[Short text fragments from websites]
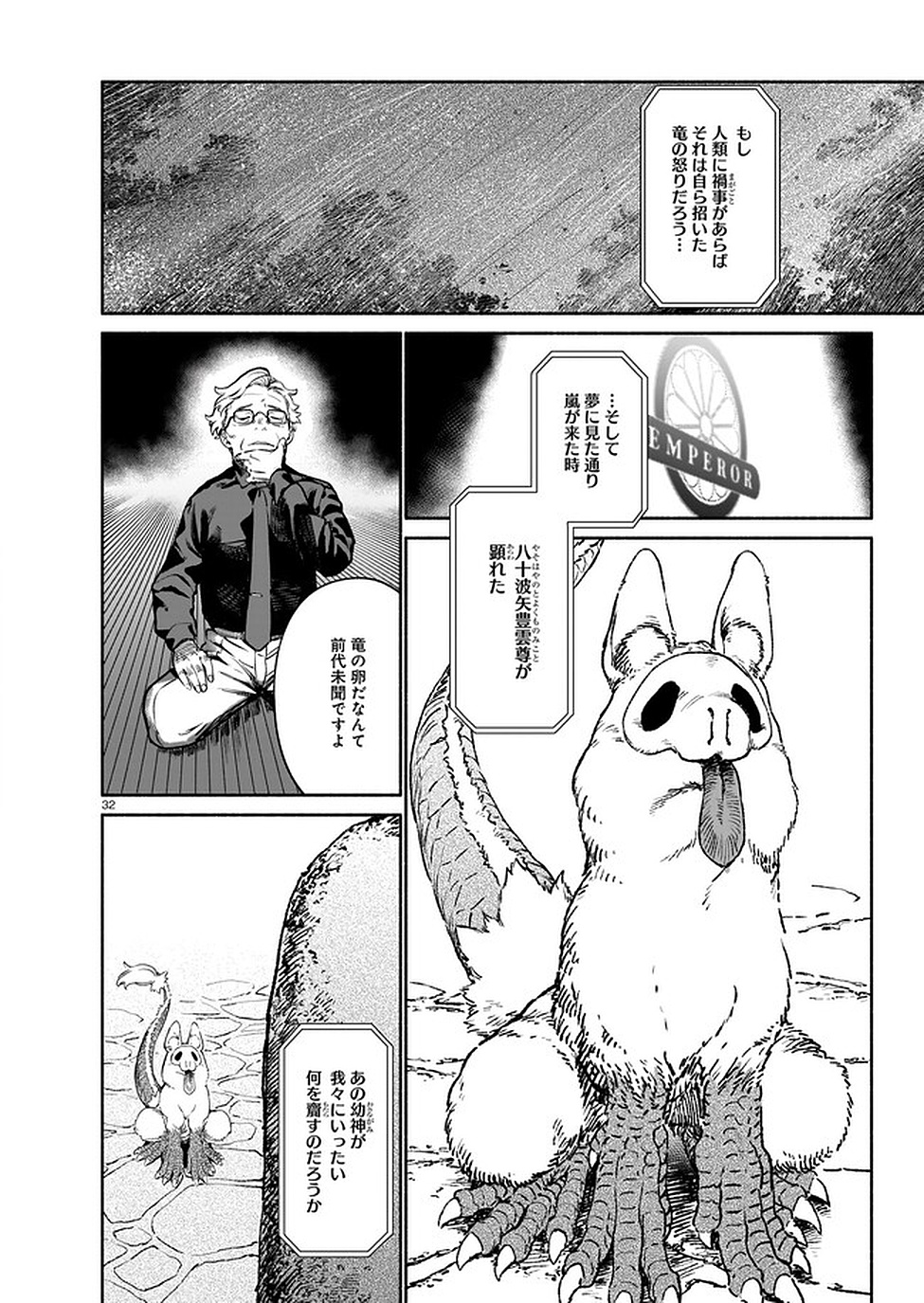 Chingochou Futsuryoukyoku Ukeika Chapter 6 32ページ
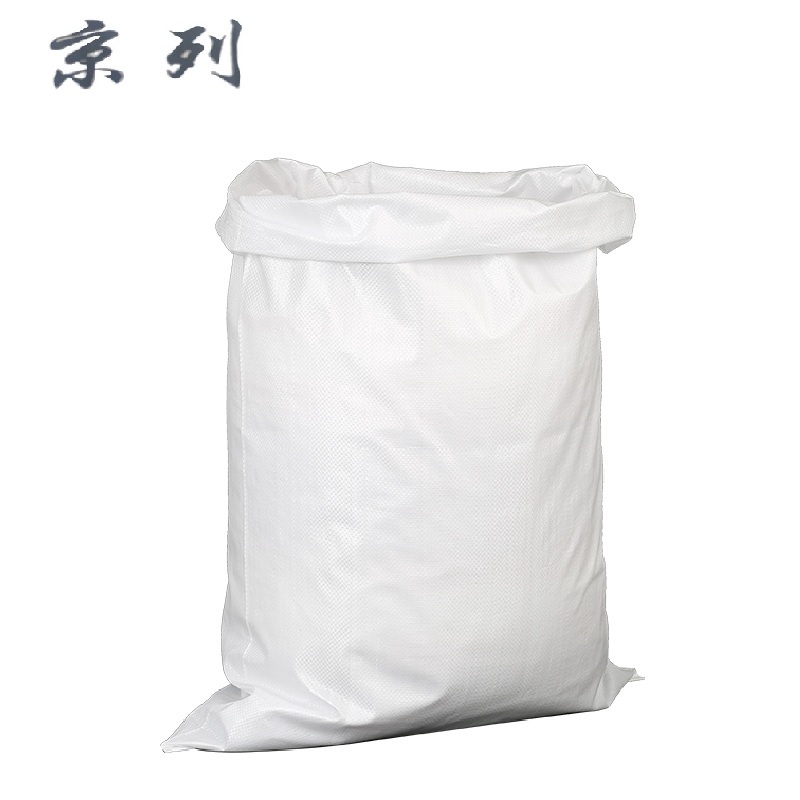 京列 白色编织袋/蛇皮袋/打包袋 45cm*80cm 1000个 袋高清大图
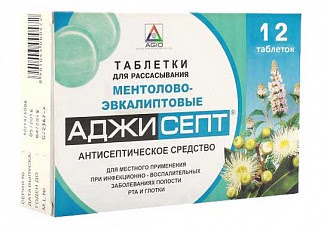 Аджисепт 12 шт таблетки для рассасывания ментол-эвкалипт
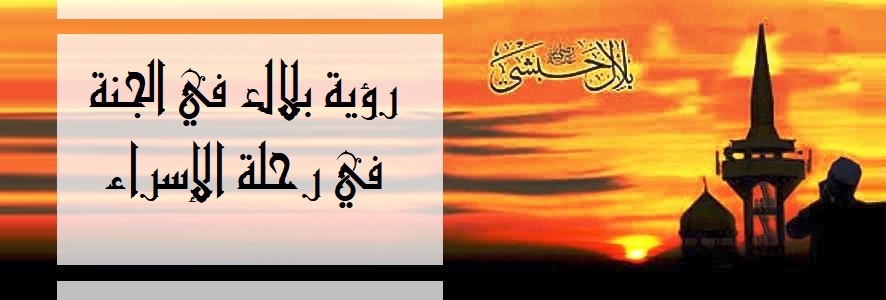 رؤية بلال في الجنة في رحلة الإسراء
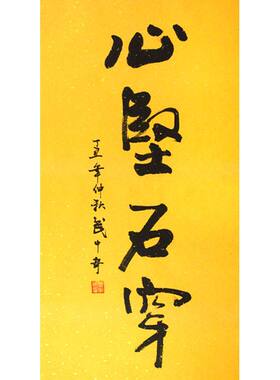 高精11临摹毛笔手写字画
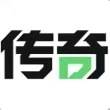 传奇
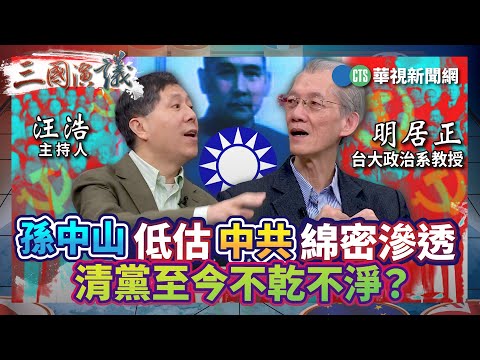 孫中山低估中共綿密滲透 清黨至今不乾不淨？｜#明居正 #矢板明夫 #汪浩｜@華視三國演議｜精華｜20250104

» **Exercise requirements**: Repeat word for word the lines beginning at the one with "高精11临摹毛笔手写字画" and ending at the final line of the records above, both included, and no others. Leave the pictures out.

» **Answer**:
 高精11临摹毛笔手写字画
 传奇
 孫中山低估中共綿密滲透 清黨至今不乾不淨？｜#明居正 #矢板明夫 #汪浩｜@華視三國演議｜精華｜20250104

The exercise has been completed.